O dedo do ladrão

Aborrecido, sonolento, um homem esperava no banco dos réus a sua vez. A manhã estava a ficar comprida, com um caso de vizinhança amarga entre um segundo e um quinto andar de prédio, acusações de barulho fora de horas que acabam em insultos, ameaças, às vezes violência corporal. Eu escutava as testemunhas e lembrava-me de um caso antigo no tribunal em que um jovem acabara a morder a sua vizinha de cima por culpa do cão da vizinha sempre lhe ladrar e tentar morder. Tendo já visto uma coisa assim – um degrau acima da já gasta notícia do homem que morde o cão – confirmamos que os prédios são organismos vivos que, envenenados pelos pés (a cave), podem ficar doentes do sótão, e vice-versa.

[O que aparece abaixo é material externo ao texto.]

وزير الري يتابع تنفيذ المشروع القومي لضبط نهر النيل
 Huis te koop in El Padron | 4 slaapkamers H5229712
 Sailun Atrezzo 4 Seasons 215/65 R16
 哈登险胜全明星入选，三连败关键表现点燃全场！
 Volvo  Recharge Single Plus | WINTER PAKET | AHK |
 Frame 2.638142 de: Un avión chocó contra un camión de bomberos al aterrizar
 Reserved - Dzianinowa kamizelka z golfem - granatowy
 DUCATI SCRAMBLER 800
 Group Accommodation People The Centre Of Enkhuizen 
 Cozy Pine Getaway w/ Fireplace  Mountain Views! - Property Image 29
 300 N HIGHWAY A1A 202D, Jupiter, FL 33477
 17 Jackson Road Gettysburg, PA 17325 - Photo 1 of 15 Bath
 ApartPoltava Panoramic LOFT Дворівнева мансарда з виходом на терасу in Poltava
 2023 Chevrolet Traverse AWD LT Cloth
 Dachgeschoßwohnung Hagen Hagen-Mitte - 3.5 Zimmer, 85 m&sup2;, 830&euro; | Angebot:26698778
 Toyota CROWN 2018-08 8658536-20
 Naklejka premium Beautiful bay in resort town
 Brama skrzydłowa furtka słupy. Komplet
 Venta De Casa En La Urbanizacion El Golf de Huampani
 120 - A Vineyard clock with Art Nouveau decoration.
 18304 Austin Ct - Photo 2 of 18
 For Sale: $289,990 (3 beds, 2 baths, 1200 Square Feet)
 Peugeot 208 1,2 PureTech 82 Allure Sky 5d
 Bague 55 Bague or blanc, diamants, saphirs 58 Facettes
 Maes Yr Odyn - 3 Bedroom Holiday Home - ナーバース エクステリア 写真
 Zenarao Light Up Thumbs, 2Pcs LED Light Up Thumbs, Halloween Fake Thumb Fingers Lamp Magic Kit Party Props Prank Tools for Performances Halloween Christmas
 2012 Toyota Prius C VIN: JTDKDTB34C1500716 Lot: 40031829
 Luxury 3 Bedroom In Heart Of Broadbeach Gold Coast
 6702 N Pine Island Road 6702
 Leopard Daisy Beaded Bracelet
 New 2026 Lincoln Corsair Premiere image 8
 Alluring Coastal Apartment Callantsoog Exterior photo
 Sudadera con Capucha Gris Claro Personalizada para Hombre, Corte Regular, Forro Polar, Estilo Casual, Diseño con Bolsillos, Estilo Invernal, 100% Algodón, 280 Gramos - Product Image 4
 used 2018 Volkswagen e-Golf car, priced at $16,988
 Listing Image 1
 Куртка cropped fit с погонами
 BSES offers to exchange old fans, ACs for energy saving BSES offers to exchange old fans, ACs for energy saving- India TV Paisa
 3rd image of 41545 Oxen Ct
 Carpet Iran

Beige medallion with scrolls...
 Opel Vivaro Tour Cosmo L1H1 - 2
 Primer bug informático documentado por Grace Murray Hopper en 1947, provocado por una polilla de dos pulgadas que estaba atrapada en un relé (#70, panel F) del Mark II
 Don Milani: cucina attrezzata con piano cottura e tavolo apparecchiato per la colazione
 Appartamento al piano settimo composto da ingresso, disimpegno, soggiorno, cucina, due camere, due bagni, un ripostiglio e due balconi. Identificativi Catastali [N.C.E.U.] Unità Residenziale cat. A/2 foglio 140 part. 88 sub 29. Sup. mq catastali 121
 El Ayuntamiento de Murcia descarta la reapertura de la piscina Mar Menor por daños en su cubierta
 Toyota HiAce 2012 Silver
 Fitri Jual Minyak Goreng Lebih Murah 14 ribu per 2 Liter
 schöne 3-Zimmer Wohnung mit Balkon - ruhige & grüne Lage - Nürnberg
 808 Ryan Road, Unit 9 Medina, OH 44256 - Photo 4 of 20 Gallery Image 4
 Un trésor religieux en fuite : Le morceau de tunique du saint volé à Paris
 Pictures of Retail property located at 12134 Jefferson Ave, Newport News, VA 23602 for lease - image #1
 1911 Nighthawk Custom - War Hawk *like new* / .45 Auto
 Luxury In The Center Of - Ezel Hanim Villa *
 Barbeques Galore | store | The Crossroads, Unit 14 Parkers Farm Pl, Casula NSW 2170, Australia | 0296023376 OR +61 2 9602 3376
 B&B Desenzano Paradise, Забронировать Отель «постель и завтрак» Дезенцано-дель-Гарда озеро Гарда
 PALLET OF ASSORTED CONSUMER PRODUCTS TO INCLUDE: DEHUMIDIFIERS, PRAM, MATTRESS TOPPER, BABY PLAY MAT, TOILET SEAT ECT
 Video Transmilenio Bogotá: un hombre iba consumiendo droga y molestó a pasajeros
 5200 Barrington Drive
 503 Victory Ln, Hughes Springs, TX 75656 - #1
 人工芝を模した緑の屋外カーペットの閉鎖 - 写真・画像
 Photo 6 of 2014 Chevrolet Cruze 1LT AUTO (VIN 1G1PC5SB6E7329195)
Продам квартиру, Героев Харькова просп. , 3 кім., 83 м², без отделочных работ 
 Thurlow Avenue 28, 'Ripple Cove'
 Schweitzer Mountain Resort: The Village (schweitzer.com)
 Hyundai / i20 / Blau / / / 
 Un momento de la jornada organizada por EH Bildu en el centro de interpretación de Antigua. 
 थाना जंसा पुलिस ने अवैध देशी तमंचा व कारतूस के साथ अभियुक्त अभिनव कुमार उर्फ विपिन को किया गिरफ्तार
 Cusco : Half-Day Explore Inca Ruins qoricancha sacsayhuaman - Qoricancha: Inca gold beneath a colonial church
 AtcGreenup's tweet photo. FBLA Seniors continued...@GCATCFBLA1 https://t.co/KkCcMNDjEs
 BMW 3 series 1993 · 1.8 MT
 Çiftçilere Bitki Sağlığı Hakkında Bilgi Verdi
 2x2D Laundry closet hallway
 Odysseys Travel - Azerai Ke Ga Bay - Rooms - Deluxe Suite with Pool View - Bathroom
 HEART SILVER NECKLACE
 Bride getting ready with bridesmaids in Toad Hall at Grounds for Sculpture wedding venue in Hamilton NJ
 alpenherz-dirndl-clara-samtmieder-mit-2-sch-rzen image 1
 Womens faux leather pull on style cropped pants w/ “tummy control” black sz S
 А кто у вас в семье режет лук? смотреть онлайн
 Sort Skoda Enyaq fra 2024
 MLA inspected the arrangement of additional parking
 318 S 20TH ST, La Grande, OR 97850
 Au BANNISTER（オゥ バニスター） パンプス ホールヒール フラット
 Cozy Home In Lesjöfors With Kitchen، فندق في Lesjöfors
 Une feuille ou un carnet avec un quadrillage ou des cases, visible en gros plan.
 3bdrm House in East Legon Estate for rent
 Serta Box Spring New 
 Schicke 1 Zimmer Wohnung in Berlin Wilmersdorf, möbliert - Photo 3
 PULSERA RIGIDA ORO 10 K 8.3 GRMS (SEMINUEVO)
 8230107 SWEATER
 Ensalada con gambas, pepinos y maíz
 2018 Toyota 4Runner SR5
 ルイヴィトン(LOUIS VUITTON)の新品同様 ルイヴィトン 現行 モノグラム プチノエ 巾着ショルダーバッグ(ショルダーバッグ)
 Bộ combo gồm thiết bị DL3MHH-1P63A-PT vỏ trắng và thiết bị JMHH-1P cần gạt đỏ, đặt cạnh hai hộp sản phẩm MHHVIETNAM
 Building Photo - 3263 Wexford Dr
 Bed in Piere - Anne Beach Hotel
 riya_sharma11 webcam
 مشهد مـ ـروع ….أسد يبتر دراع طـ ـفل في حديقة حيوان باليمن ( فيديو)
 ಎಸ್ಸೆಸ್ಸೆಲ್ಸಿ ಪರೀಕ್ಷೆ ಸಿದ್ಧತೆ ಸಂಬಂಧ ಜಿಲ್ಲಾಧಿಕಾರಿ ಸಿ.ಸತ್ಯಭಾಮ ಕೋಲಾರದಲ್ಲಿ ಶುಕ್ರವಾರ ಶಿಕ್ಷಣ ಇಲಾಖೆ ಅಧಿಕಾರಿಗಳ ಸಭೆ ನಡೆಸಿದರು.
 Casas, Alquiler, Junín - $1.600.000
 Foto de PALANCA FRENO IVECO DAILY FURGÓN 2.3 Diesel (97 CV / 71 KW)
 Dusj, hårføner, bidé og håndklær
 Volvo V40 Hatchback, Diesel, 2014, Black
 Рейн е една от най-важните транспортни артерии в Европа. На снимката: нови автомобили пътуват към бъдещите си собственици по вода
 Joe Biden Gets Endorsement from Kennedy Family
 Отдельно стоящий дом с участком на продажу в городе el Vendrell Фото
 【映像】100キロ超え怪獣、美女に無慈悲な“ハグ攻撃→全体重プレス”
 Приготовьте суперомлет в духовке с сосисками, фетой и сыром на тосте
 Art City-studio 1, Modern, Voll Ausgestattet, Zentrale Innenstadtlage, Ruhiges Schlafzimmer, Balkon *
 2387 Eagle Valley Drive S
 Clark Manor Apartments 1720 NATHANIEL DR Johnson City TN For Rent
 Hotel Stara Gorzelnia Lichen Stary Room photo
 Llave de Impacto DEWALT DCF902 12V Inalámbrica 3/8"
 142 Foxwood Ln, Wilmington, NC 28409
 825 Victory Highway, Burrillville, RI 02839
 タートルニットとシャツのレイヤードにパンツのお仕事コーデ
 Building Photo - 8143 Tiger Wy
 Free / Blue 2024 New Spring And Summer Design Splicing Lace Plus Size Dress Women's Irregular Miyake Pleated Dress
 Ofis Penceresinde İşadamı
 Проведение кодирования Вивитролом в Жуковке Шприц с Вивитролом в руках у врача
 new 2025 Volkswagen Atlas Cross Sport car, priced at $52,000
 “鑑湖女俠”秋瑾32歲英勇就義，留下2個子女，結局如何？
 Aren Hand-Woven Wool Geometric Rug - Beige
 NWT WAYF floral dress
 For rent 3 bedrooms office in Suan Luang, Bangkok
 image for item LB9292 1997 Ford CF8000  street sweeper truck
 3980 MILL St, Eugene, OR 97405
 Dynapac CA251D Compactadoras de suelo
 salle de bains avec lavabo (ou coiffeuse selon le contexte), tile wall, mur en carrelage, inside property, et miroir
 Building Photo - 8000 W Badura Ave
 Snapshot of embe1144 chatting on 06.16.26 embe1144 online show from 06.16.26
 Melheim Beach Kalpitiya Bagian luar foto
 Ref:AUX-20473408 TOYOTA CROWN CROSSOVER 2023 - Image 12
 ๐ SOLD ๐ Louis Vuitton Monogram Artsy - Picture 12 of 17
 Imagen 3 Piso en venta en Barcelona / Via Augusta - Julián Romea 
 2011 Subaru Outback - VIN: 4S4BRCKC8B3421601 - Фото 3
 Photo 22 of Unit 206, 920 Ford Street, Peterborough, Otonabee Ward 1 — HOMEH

Nesta manhã comprida, o homem no banco dos réus bocejava, encolhia e esticava o pescoço de pato no blusão de ganga. Às vezes, como é natural nos intervalos mais pasmosos da vida, observava as mãos, cruzava os dedos, raspava umas nas outras as unhas escuras. Uma pessoa consegue olhar as próprias mãos e pensar por um momento que estas não lhe pertencem, que são de outra pessoa, como naqueles filmes de terror em que um honesto cidadão amputado ganha numa cirurgia a mão de um assassino… e acaba a estrangular-se a si mesmo.
Mas eram suas as mãos, como se percebeu quando o homem foi julgado. O caso tinha a ver com a identificação dos dedos. Pela segunda vez em dois anos, explicou-lhe a juíza, as impressões digitais do arguido tinham sido encontradas em situações semelhantes: assalto a um cabeleireiro de bairro. O crime mostrava regularidade e até grau de planeamento: de madrugada, uma pedra grande atirada contra o vidro da montra, seguido do roubo de champôs, cremes, cosméticos, o que apanhasse antes de fugir.
Nada filmado, sem testemunhas. Mas o homem não usa luvas e tem azar ou é desastrado – um grau de esquizofrenia foi citado na acusação -, porque sempre se corta num vidro. E depois coloca o indicador em qualquer superfície, como se renovasse o seu cartão de cidadão (ou de ladrão).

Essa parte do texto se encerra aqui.